**YOUR TASK:**
Please transcribe, exactly and only, the lines of the records below from the one holding "Preprints 193957 g0a3" to the very end.

**SUPPLIED RECORDS:**
☆ ☆ ☆ ☆
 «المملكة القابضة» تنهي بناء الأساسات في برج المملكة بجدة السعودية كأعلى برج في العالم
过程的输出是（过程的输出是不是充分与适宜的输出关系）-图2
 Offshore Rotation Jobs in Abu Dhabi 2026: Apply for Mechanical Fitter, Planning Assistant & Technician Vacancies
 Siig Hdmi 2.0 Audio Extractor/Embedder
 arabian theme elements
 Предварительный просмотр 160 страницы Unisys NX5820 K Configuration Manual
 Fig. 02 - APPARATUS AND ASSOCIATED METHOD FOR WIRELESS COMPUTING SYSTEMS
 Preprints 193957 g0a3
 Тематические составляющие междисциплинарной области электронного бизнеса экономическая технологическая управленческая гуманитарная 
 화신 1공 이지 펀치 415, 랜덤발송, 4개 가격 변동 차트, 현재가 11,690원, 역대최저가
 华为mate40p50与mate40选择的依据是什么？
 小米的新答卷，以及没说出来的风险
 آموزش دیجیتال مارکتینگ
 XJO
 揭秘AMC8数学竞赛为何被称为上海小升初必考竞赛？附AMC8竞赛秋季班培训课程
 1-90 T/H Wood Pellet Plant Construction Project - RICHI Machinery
☆ ☆ ☆ ☆
**TASK ANSWER:**
 Preprints 193957 g0a3
 Тематические составляющие междисциплинарной области электронного бизнеса экономическая технологическая управленческая гуманитарная 
 화신 1공 이지 펀치 415, 랜덤발송, 4개 가격 변동 차트, 현재가 11,690원, 역대최저가
 华为mate40p50与mate40选择的依据是什么？
 小米的新答卷，以及没说出来的风险
 آموزش دیجیتال مارکتینگ
 XJO
 揭秘AMC8数学竞赛为何被称为上海小升初必考竞赛？附AMC8竞赛秋季班培训课程
 1-90 T/H Wood Pellet Plant Construction Project - RICHI Machinery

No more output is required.